FILE PHOTO: Volkswagen Group CEO Herbert Diess attends a construction completion event of SAIC Volkswagen MEB electric vehicle plant in Shanghai, China November 8, 2019. REUTERS/Aly Song
The public acknowledgment here that Diess had been forced to apologise to the 19-member board of directors amounts to a severe admonishment of the chief executive, who had his portfolio of responsibilities curtailed on Monday after infighting over the pace and scope of cost-cutting plans.
“The members of the Supervisory Board accepted the apology of Dr. Diess, and will continue to support him in his work,” the statement added.
The Diess apology follows a heated debate between Volkswagen’s chief executive and members of the supervisory board, according to two sources familiar with the discussion.
Diess accused board members of leaking confidential information to the press.
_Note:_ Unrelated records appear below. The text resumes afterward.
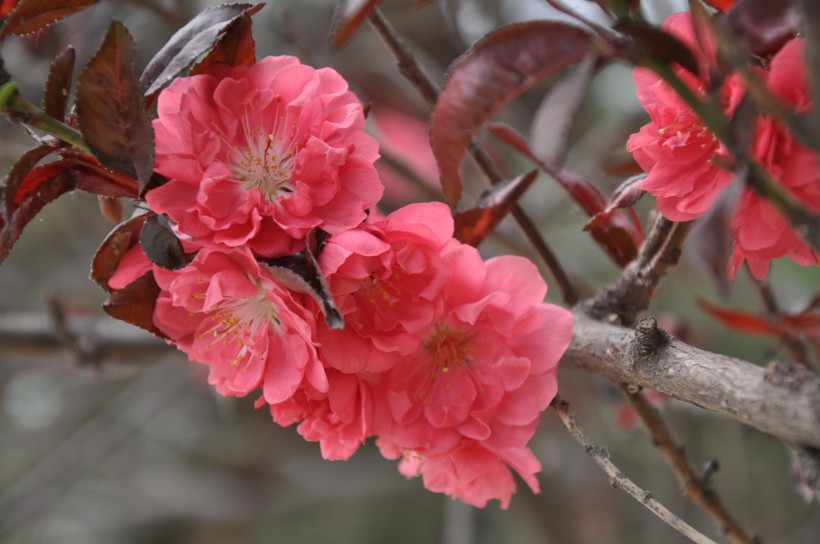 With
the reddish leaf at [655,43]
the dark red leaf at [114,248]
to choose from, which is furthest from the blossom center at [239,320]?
the reddish leaf at [655,43]

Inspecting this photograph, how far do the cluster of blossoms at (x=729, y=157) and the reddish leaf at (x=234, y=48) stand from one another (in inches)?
13.7

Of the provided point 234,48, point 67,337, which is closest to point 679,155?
point 234,48

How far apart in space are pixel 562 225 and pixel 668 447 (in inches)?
68.8

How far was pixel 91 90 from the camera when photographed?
2.09 feet

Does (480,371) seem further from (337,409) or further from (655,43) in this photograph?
(655,43)

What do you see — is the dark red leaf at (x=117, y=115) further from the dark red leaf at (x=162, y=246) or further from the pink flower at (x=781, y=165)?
the pink flower at (x=781, y=165)

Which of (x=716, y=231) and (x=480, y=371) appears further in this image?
(x=480, y=371)

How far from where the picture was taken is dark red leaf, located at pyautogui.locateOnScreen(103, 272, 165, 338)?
730 mm

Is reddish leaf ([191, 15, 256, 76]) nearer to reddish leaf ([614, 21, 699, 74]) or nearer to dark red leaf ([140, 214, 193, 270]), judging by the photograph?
dark red leaf ([140, 214, 193, 270])

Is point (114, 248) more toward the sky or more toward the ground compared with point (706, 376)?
more toward the sky

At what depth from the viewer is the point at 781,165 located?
0.57m

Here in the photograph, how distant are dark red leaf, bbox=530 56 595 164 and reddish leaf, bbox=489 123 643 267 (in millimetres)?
125

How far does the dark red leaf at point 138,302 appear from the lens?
0.73 m

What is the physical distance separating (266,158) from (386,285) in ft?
0.54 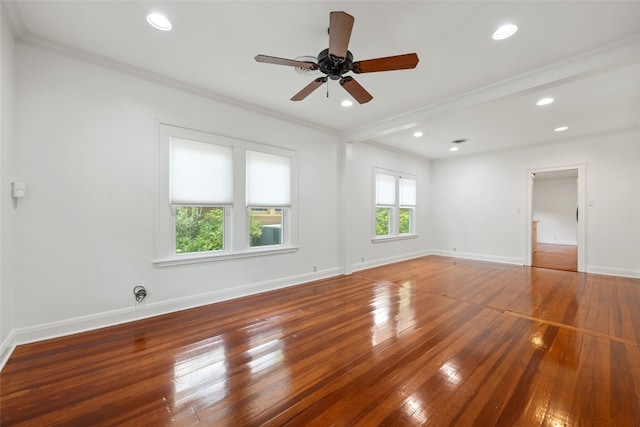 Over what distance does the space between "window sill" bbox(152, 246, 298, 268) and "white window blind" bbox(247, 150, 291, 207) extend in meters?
0.73

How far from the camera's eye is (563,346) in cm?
242

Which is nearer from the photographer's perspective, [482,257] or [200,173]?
[200,173]

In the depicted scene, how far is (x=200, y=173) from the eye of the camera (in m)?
3.48

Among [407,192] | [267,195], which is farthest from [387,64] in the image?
[407,192]

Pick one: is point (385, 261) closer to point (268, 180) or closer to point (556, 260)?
point (268, 180)

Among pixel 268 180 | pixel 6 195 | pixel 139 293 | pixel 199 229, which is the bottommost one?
pixel 139 293

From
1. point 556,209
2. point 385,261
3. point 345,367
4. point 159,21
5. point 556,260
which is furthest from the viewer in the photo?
point 556,209

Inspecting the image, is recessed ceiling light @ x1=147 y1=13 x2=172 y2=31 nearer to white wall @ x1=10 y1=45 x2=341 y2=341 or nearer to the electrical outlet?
white wall @ x1=10 y1=45 x2=341 y2=341

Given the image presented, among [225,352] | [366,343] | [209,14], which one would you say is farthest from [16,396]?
[209,14]

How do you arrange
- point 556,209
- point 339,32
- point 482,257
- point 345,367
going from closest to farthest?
point 339,32
point 345,367
point 482,257
point 556,209

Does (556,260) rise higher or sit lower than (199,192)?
lower

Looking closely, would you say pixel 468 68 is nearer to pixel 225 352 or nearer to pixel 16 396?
pixel 225 352

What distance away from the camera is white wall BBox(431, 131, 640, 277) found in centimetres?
496

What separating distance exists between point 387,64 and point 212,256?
10.2 ft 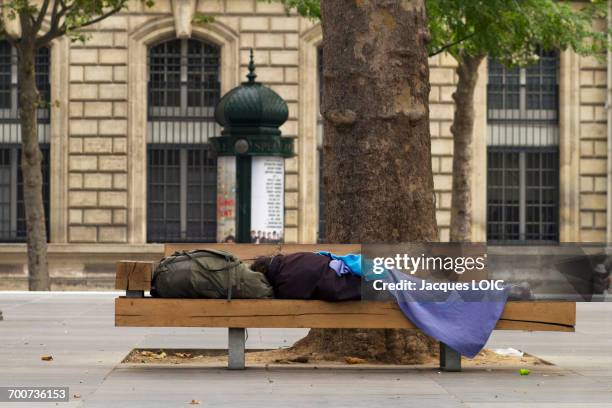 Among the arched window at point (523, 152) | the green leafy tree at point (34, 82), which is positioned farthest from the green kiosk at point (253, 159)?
the arched window at point (523, 152)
The comments came after Germany’s Manager Magazin reported that Diess had sounded out trade union chief Joerg Hofmann about an extension to his contract as chief executive, the sources said.
Diess, whose contract as chief executive runs until 2023 was furious that details of this discussion had reached the press and reminded the supervisory board that violating confidentiality agreements was illegal.
Hofmann, who is head of Germany’s largest union IG Metall, is also on Volkswagen’s supervisory board.
Volkswagen replaced Diess as chief executive of the VW brand on Monday and installed chief operating officer Ralf Brandstaetter to lead cost cutting efforts at the company’s largest plants in Germany.
Diess, who has been in the top job at Volkswagen since 2018, remains chief executive of a group which also includes brands such as Audi, Bentley, Skoda, Lamborghini and Porsche.
The incident appears to follow a pattern at the carmaker where board members lose backing if their cost cutting and efficiency measures threaten too many local jobs, prompting the company’s powerful labour leaders to flex their muscles.
Bernd Pischetsrieder, Volkswagen Group Chief Executive between 2002 and 2006, and Wolfgang Bernhard, VW brand chief between 2005 and 2007 were forced out of their jobs after repeated clashes with VW’s works council.
Worker representatives control 9 seats on the 19-member supervisory board at Volkswagen.
Through a spokesman Diess declined to comment on the details of the discussion of the supervisory board. Hofmann declined to comment.